## WHAT THE TASK ASKS
Begin at the line containing "Charm Keychain NWT" in the data below and go on through the line containing "bridal hair accessories, hair", repeating each line exactly; include both ends and no other line.

## SUPPLIED MATERIAL
────────
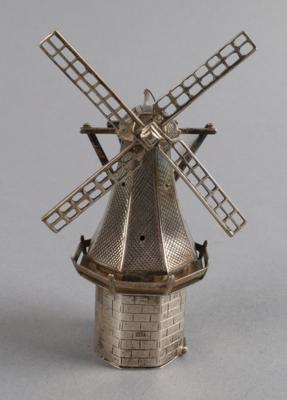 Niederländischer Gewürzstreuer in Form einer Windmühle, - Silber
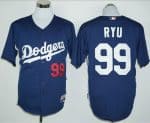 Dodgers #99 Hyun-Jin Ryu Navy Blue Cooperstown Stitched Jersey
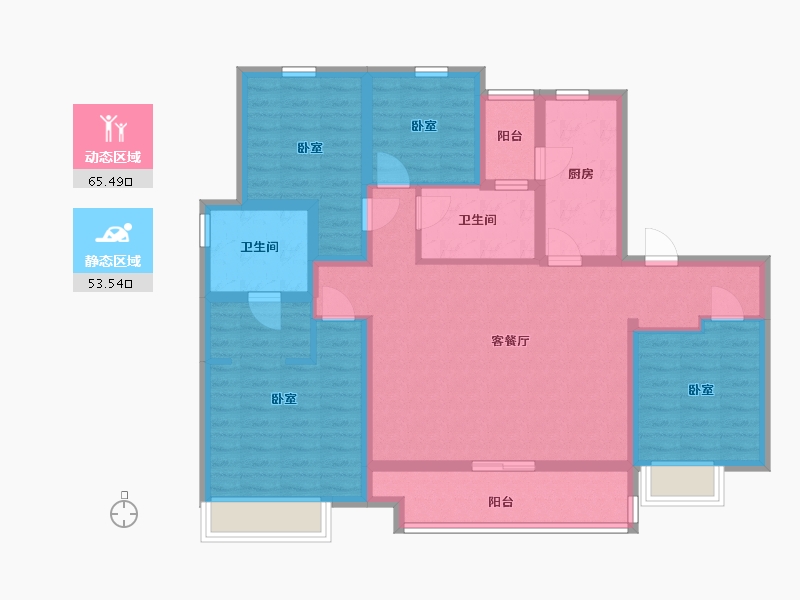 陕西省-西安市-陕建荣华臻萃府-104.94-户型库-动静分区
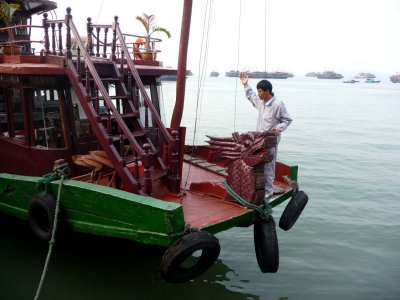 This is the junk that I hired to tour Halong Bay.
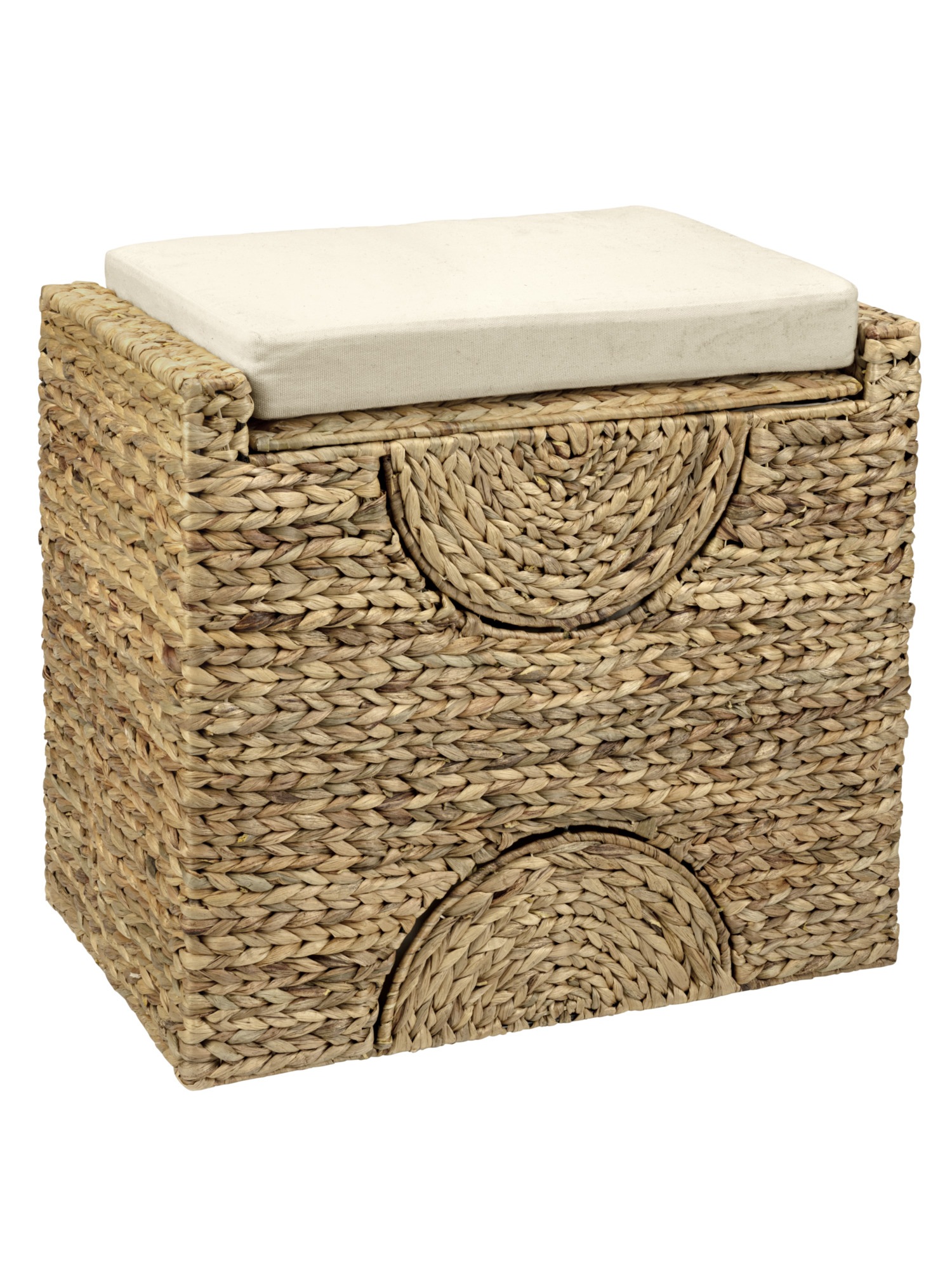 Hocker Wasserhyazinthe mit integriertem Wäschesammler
────────
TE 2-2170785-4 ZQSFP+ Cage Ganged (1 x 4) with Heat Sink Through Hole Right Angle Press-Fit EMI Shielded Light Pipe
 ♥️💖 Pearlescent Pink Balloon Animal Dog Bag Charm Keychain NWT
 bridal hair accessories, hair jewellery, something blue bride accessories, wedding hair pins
────────
## WRITTEN RESPONSE
 ♥️💖 Pearlescent Pink Balloon Animal Dog Bag Charm Keychain NWT
 bridal hair accessories, hair jewellery, something blue bride accessories, wedding hair pins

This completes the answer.